Earthquake hazard indicates how often earthquakes might occur in a given location and how strong the shaking is likely to be. It is based on knowledge of tectonics and geology, information about the history of earthquakes, and wave propagation models.
In Switzerland, the canton of Valais is the region with the highest hazard, followed by Basel, Grisons, the St. Gallen Rhine Valley, Central Switzerland and then the rest of the country.
Earthquake-resistant residential and commercial buildings in Switzerland are designed to withstand shaking that can be expected to occur around once every 500 years. The lifetime of a building is approximately 50 years. The probability of any residential or commercial building experiencing such an earthquake within this 50-year period is therefore 10%.
The local subsoil influences how strong the tremors of an earthquake will be at a particular location: the softer the subsoil, the more the seismic waves are amplified and the greater the likelihood of damage. In places with soft sediments, such as in valleys and on lake shores, as well as in parts of the Swiss Plateau, earthquake-triggered shaking can be up to ten times stronger than somewhere located on solid rock.

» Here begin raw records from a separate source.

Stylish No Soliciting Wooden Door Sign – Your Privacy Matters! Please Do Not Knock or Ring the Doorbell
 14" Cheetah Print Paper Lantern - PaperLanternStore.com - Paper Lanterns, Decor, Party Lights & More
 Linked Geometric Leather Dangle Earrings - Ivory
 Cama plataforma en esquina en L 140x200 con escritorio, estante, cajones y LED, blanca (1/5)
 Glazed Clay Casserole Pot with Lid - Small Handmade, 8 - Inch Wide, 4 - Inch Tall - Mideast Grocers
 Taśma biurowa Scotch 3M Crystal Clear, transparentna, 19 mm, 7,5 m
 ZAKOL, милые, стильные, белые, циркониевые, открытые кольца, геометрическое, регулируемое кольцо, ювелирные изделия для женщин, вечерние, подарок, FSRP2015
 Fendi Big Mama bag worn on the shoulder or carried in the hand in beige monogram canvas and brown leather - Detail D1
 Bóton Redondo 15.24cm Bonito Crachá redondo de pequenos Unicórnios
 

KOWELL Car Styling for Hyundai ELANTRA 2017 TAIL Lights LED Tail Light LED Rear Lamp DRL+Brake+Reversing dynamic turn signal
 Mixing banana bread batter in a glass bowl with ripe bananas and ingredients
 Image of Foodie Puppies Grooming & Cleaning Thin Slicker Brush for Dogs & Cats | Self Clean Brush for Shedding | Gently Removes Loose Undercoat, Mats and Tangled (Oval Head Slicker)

Vulnerability describes the susceptibility to damage of buildings at given earthquake magnitudes. For the earthquake risk model, the vulnerability for different, representative building types was derived based on their characteristics and divided into so-called vulnerability classes. On this basis, the building stock was statistically assigned to these classes based on simple characteristics such as the number of storeys or the construction period. This, combined with information on the people and assets affected, makes it possible to determine the consequences for residents and the financial losses. The latter are expressed as a proportion of the building reinstatement costs. The majority of Swiss buildings were not built in accordance with the currently applicable building standards for earthquake-resistant construction.
Classifying the vulnerability of existing buildings according to construction materials is not helpful. For each type of construction, good and bad examples of earthquake behaviour can be found. The design of the supporting structure is the primary factor determining a building's vulnerability. For example, a building with continuous bracing walls running from the roof to the foundation without interruption has a much lower vulnerability than a similar building where the bracing walls are interrupted at ground-floor level and replaced by columns. This classic weak point, known as the 'soft storey', is an indication of very inadequate earthquake resistance. Older masonry buildings with timber beam ceilings can also be particularly vulnerable if the masonry is of poor quality and the façades are not sufficiently connected to the ceilings and transverse walls.
An earthquake risk only exists where there are people and assets. This component therefore encompasses the spatial distribution and dimensions of Switzerland's more than 2 million residential, commercial and industrial buildings. It also factors in the number of people occupying these buildings and the replacement costs.
In general, densely populated, heavily built-up areas such as cities and agglomerations have a higher exposure concentration than rural regions and are therefore exposed to a higher earthquake risk. The possible impacts of earthquakes on infrastructure and the variations in building occupancy over time are not yet represented in the earthquake risk model.